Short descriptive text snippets
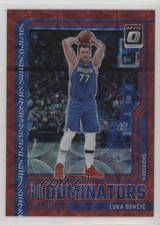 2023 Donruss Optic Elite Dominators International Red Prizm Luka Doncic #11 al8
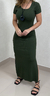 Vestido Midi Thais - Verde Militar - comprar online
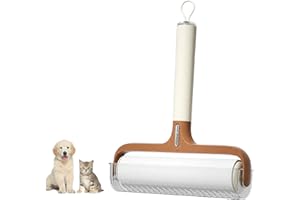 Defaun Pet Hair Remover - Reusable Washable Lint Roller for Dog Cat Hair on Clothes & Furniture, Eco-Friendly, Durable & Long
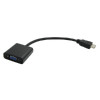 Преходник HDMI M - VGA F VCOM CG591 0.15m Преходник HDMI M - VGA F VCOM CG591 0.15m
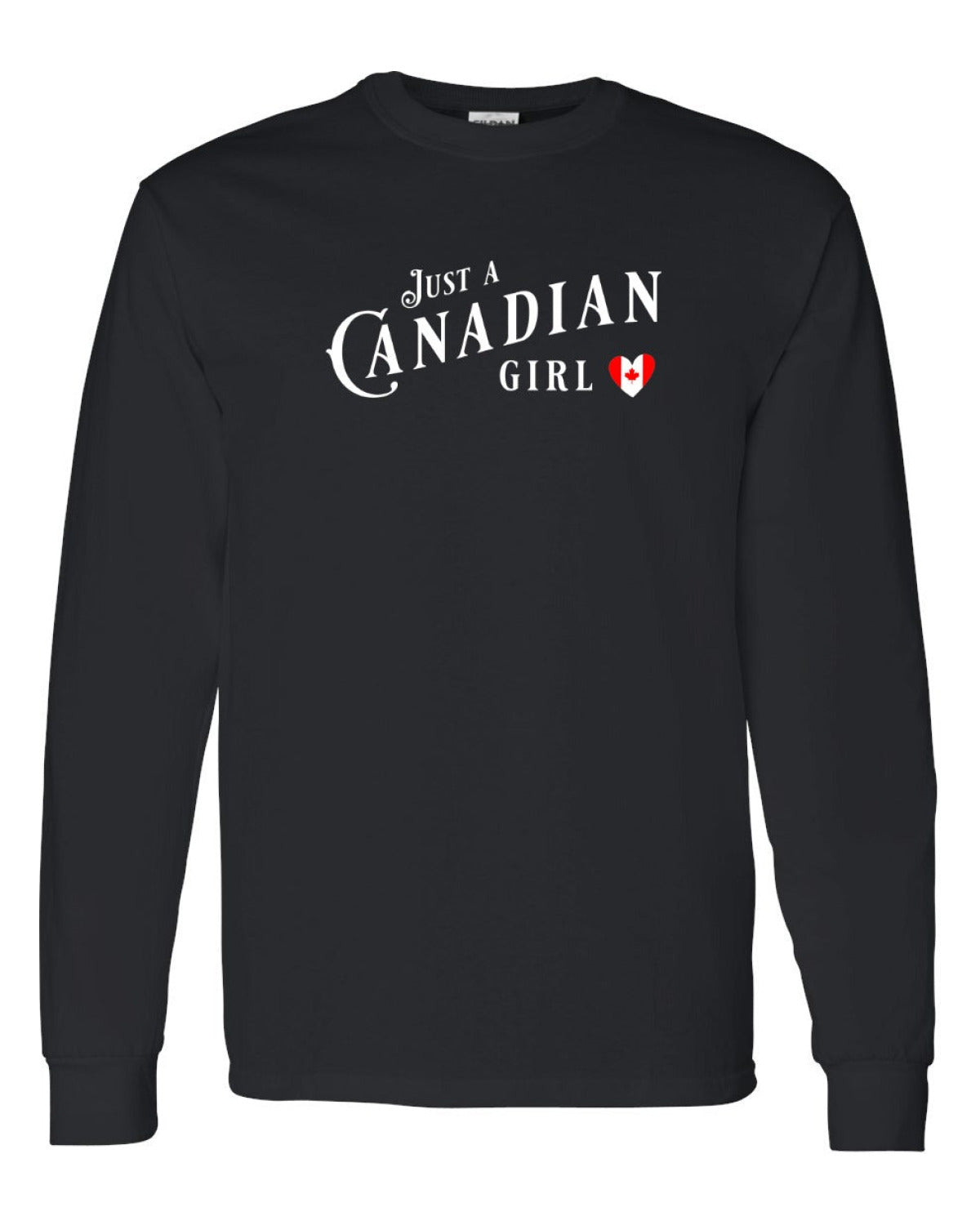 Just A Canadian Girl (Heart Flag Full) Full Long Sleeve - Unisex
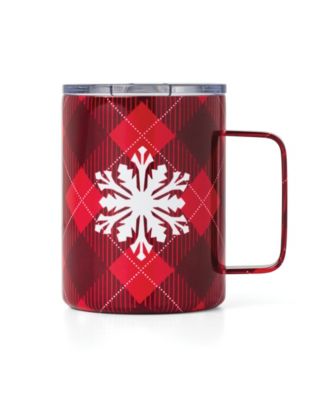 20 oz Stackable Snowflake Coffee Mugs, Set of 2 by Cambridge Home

■ WHAT YOU HAVE TO DO ■
With pictures left out, repeat exactly the lines from the one containing "Just A Canadian" through the last line of the data above, inclusive, and nothing else.

■ RESULT BELOW ■
 Just A Canadian Girl (Heart Flag Full) Full Long Sleeve - Unisex
 20 oz Stackable Snowflake Coffee Mugs, Set of 2 by Cambridge Home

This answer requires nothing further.